Service is an incredibly important practice, and one you could begin today or certainly this Lent. Service can be volunteering one Saturday a month at Habitat for Humanity in Frederick. Service might be folding the bulletins for your church each week. I think service is important for two reasons. One, it helps others. It helps someone in need in a way that is not patronizing or in holding it over whoever is being served. Two, it gets us out of ourselves. It reminds us that we are not the center of the universe, and that others too need the time and attention that we give ourselves. Service allows us to love another because God loves us.

In teaching a class on spiritual practices, Merri and hope to introduce people to new ways to fall in love with God. There are so many ways to be drawn closer to the one who first loves us. The Spiritual Disciplines Handbook by Adele Ahlberg Calhoun has at least sixty spiritual practices! Common practices like Bible Study and Fasting and Holy Communion. Calhoun also includes practices like Labyrinth Prayer, where you "make a quiet, listening pilgrimage to God." Or Unplugging, "to be fully present to and uninterrupted in my interactions with God and others." What a great practice of unplugging as a part of simplicity or Sabbath.

I was privileged with the opportunity to grow more in my spiritual practices by participating in a Personal Spiritual Deepening Program in 2016 through the Shalem Institute for Spiritual Growth. Shalem is located in Washington D.C., and offers a wide range of programs to encourage spiritual growth. The program I attended met one Saturday a month in D.C., with suggested readings on prayer, discernment, listening and community. It was wonderful to discover new ways of being in love with God, new ways of loving neighbor as a spiritual practice.

So with Valentine’s Day and Ash Wednesday coming together, use Lent to fall in love with God. Fall in love with God on the yoga mat. Fall in love with God as the purple from the crocuses begins to pop out of the ground. Fall in love with a Jesus who consistently invites the outsider in, as you volunteer at the Food Band.

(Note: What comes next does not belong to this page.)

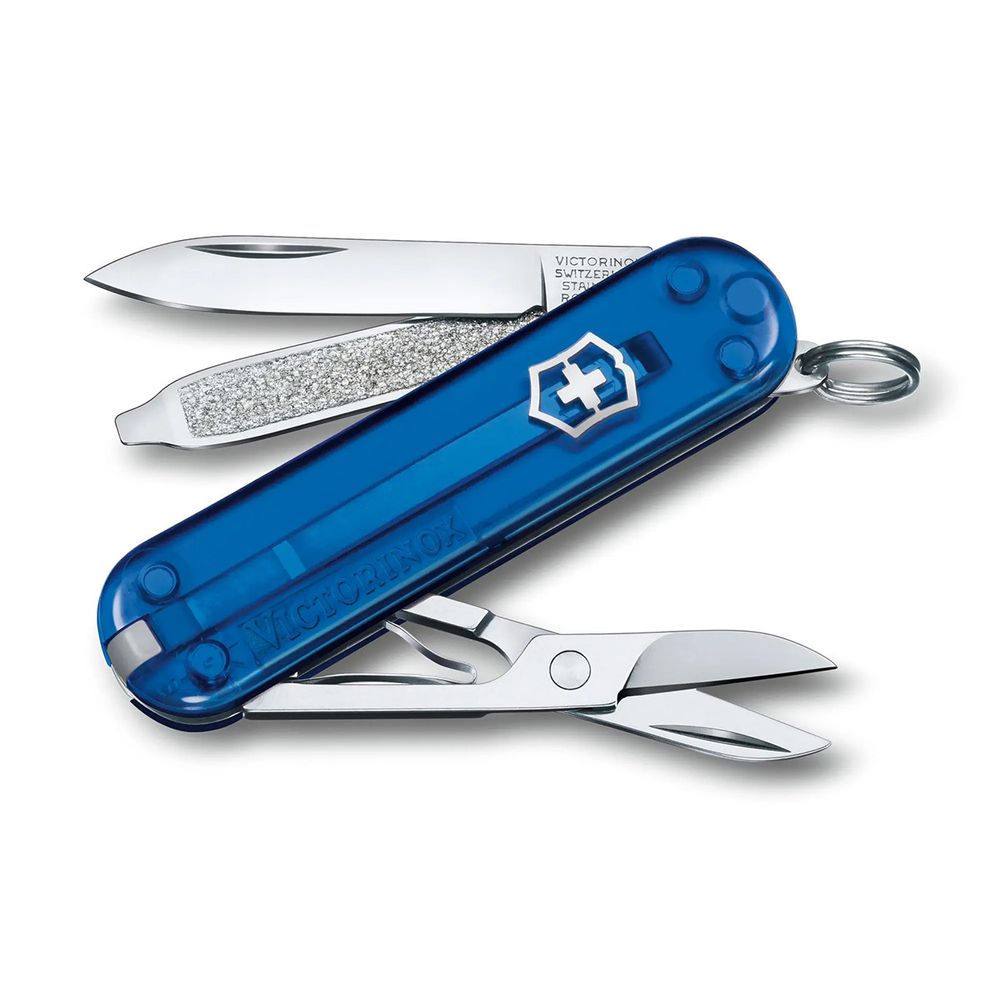 Нож Victorinox 0.6223.T2G Deep Ocean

Fall in love with the many ways that God invites us to deepen our relationship with the Divine.

And fall in love with worship at Trinity United Methodist Church. We worship at 9:00 a.m. on Sunday mornings, and are located at 313 West Main Street in Emmitsburg. Come and see what is in store during our adult Sunday School class at 10:30 a.m. this Lent. Maybe you’ll have a story to share about your new spiritual practice!